Indicate by check mark whether the registrant is a shell company (as defined in Rule 12b-2 of the Exchange Act). Yes ¨ No x.
Issuer’s revenue for the quarterly period ended June 30, 2006: N/A
The aggregate market value of the voting stock held by non-affiliates of the registrant as of June 30, 2006: N/A
Shares of common equity outstanding as of June 30, 2006: N/A
* | This Form 10-QSB also covers 729,517 shares of the Registrant’s 8% Convertible Preferred Securities as of June 30, 2006, which were registered under the Securities Act of 1933, as amended, pursuant to a registration statement declared effective on July 23, 2001. |
PART I.
FINANCIAL INFORMATION
ITEM 1. FINANCIAL STATEMENTS. (SEE NOTE BELOW)
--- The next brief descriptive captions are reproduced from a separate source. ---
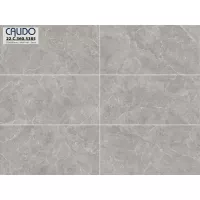 Gạch Á Mỹ 22.C.360.5385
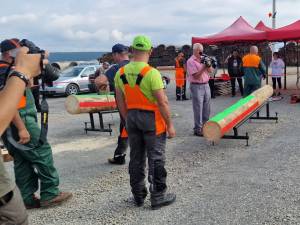 Demonstrații privind importanța măsurilor de protecție vor avea loc și în cadrul concursului „Forestierul priceput”, pe 26 iulie, la Poiana Stampei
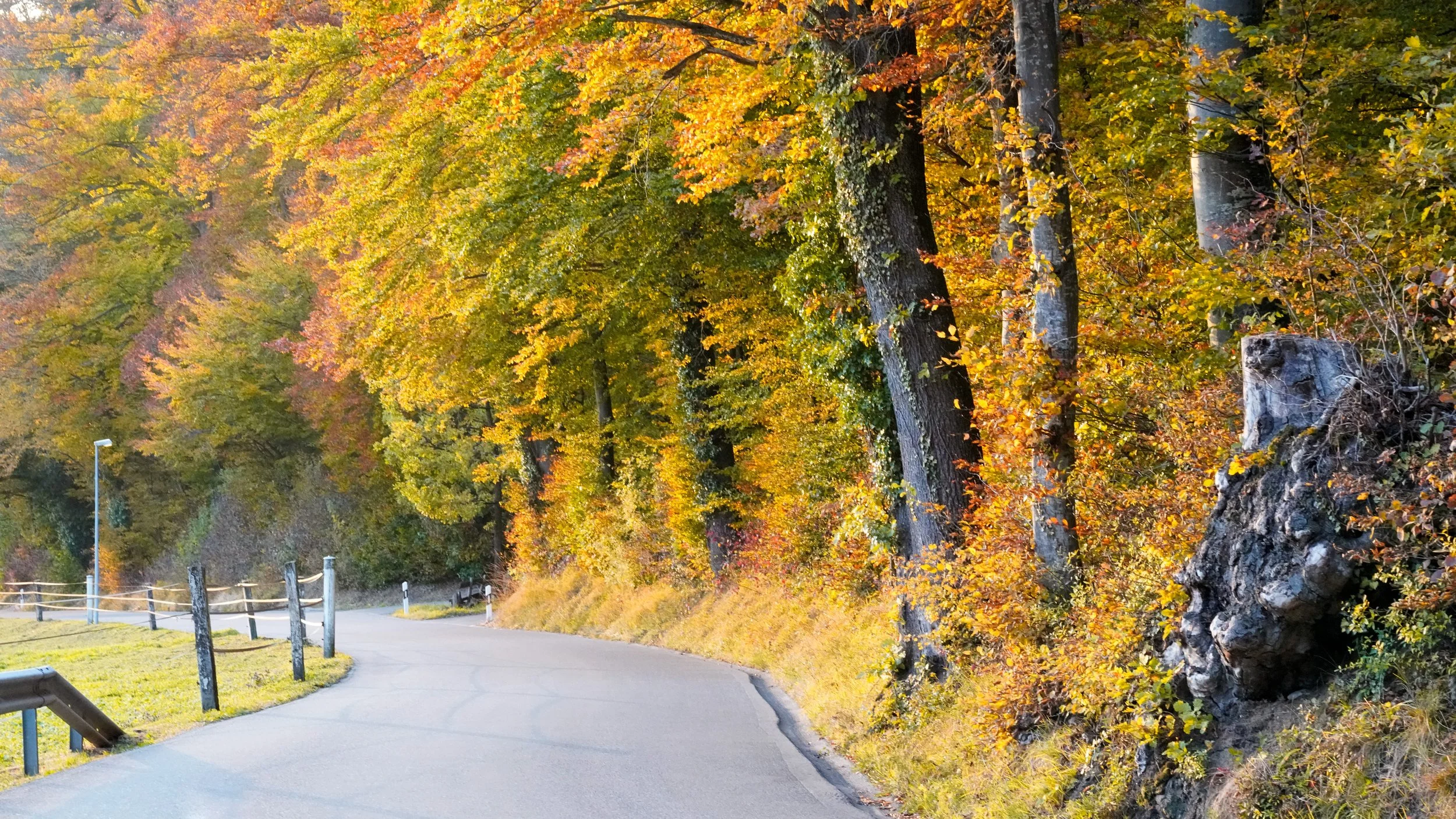 Herbstwald entlang einer ruhigen Landstraße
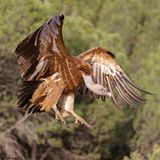 Vautour fauve, Gyps fulvus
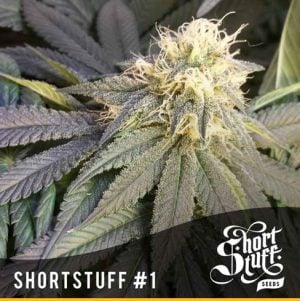 Short Stuff #1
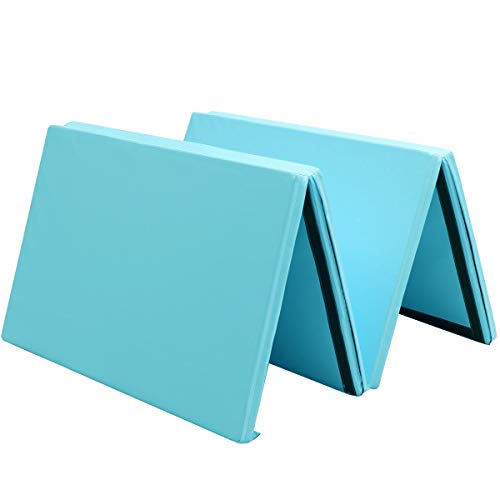 Yujiadian 8FT Gymnastics Mat, Perfect for Yoga, Crash and Pilates, Home & Gym Workouts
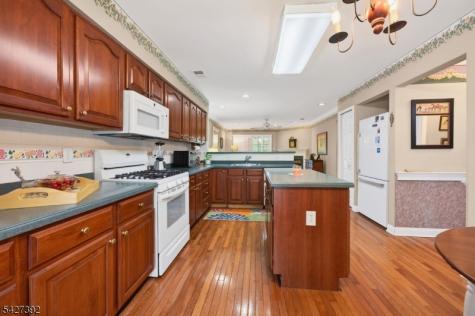 909 S Branch Drive Readington NJ 08889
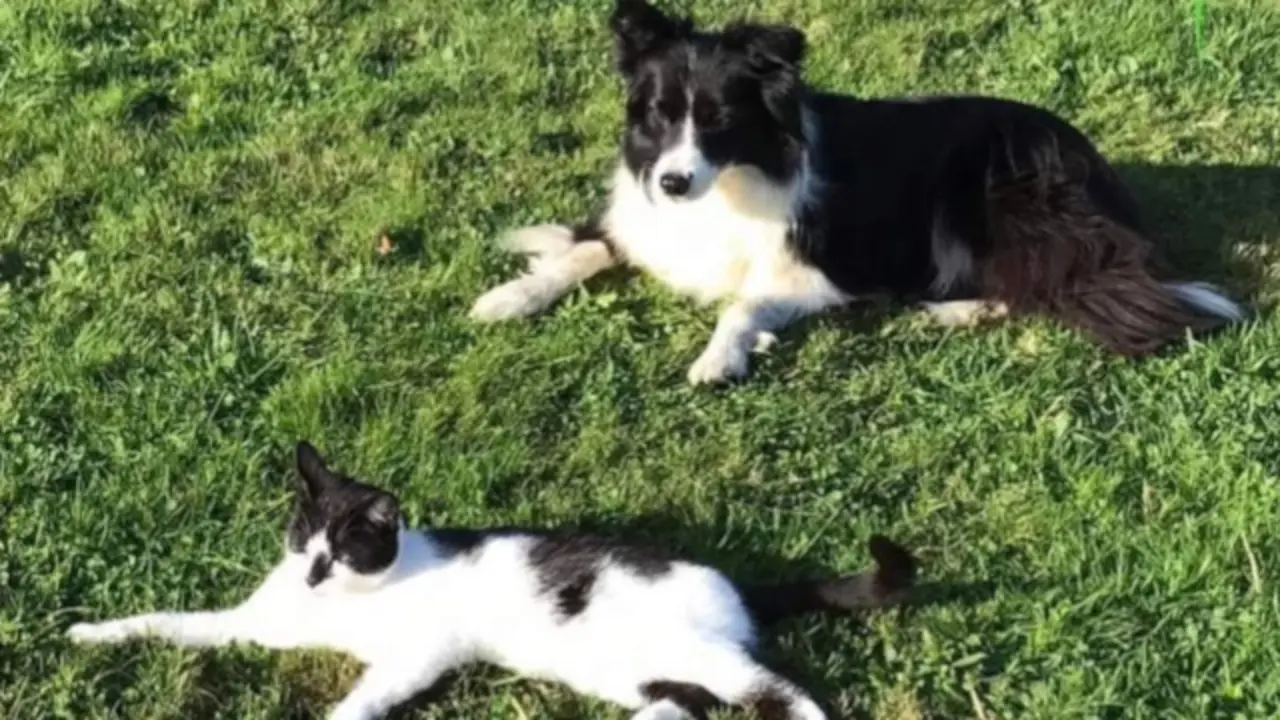 Perros y gatos, las mascotas más comunes. EFE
ITEM 2. MANAGEMENT’S DISCUSSION AND ANALYSIS OF FINANCIAL CONDITION AND RESULTS OF OPERATIONS.
Commonwealth Bankshares Capital Trust I (the “Trust”) is a statutory business trust formed under the Delaware Business Trust Act, as amended, pursuant to a trust agreement, as amended by an amended and restated declaration of trust and a first amendment to the amended and restated declaration of trust (the “Declaration”), and the filing of a certificate of trust with the Delaware Secretary of State on November 15, 2000. The Trust exists for the exclusive purposes of (i) issuing and selling trust securities consisting of 8% Convertible Preferred Securities (the “Preferred Securities”) and common securities (the “Common Securities,” and together with the Preferred Securities, the “Trust Securities”), representing undivided beneficial ownership interests in the assets of the Trust, (ii) investing the proceeds from such issuance in Junior Subordinated Debt Securities (the “Junior Subordinated Debt Securities”) of Commonwealth Bankshares, Inc., a Virginia corporation (the “Corporation”), and (iii) engaging in only those other activities necessary, advisable or incidental thereto. The Trust’s sole assets are the Junior Subordinated Debt Securities, and payments under the Junior Subordinated Debt Securities are the sole revenues of the Trust. Ownership of the Trust is evidenced by $225,315 aggregate liquidation amount of Common Securities, all of which are held by the Corporation, and by $3,647,615 aggregate liquidation amount of Preferred Securities. The Trust makes distributions on the Trust Securities to the extent it receives distributions from the Corporation on the Junior Subordinated Debt Securities. Distributions on the Trust Securities are guaranteed by the Corporation, but only to the extent that the Trust has available funds to pay such distributions.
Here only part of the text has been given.